[Short descriptive text snippets]
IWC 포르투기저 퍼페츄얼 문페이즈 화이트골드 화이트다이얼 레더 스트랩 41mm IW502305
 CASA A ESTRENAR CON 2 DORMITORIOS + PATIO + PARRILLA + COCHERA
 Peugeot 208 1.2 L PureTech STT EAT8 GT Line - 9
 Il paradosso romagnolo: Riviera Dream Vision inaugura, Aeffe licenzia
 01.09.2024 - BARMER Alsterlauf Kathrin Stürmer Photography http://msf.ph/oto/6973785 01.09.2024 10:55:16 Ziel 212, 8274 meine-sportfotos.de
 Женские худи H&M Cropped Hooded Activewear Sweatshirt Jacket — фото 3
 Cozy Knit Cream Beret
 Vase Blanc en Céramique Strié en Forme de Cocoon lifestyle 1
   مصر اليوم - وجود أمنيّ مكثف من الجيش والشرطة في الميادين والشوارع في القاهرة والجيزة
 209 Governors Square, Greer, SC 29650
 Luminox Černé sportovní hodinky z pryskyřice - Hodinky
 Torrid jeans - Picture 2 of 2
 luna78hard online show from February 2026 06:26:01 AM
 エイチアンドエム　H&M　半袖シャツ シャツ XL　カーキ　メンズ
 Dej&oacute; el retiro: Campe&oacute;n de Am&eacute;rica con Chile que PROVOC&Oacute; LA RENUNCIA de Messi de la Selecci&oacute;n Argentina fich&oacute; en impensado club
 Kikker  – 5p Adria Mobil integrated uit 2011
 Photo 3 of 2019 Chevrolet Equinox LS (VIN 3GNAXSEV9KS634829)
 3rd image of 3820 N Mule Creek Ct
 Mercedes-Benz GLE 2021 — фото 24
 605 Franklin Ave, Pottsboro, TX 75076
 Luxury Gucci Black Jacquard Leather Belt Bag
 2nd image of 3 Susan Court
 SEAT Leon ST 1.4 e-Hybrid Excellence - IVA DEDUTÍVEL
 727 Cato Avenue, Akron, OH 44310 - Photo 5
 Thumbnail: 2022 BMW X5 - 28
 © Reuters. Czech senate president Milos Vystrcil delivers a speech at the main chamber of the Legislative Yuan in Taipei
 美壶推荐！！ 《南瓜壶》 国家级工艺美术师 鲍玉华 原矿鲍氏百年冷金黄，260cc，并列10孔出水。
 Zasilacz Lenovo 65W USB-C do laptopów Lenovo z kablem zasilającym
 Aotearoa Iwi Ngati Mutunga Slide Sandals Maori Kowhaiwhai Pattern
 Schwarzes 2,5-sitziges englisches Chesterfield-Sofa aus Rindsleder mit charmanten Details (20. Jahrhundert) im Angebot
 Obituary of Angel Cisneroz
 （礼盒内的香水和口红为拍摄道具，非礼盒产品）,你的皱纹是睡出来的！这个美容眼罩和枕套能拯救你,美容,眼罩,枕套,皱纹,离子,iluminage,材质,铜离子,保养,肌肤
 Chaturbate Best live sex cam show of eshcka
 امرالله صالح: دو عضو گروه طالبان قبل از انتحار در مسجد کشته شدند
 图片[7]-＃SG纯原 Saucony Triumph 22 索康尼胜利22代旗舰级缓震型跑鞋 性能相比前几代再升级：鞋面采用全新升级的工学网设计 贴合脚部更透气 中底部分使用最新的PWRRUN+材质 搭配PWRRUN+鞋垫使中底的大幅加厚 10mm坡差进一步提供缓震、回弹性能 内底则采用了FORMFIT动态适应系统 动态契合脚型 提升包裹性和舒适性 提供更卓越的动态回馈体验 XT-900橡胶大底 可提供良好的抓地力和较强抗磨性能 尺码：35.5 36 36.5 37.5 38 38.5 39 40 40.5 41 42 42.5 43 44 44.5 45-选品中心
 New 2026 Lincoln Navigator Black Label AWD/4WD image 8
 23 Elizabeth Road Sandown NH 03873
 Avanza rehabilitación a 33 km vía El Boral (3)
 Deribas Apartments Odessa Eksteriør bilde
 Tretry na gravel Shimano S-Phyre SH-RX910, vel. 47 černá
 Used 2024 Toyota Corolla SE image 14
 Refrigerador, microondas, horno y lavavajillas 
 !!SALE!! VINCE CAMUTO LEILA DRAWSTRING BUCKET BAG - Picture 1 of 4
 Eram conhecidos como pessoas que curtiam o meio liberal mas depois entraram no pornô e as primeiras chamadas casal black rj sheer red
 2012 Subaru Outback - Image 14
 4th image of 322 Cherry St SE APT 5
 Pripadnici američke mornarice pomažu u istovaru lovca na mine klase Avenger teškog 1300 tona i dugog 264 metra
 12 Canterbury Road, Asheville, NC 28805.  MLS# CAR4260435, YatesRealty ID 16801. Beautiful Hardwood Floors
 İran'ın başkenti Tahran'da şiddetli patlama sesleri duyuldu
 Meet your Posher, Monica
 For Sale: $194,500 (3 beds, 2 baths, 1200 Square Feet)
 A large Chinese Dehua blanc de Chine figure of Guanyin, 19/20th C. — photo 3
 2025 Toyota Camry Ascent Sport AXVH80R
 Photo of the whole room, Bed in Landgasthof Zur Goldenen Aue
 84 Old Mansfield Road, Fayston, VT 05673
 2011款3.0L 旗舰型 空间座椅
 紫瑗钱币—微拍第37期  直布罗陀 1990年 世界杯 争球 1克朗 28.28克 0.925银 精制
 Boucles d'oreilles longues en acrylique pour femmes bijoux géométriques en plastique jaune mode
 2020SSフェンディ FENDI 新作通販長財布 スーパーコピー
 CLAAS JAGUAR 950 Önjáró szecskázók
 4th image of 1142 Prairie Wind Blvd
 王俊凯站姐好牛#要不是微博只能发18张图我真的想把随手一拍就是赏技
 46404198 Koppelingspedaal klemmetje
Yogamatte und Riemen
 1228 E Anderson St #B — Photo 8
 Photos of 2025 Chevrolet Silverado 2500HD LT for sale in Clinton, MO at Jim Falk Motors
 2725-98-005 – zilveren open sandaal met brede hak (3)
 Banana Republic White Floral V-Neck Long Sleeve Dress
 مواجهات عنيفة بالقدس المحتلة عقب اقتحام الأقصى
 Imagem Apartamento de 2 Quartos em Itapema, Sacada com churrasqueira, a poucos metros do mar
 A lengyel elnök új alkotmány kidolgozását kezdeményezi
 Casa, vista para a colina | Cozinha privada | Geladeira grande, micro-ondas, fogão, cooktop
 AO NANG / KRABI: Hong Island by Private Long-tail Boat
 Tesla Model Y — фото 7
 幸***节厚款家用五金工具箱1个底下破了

ACTION ITEM:
In the records above, how many lines contain the string "Toyota"? State that number only.

SOLUTION TO THIS EXERCISE:
2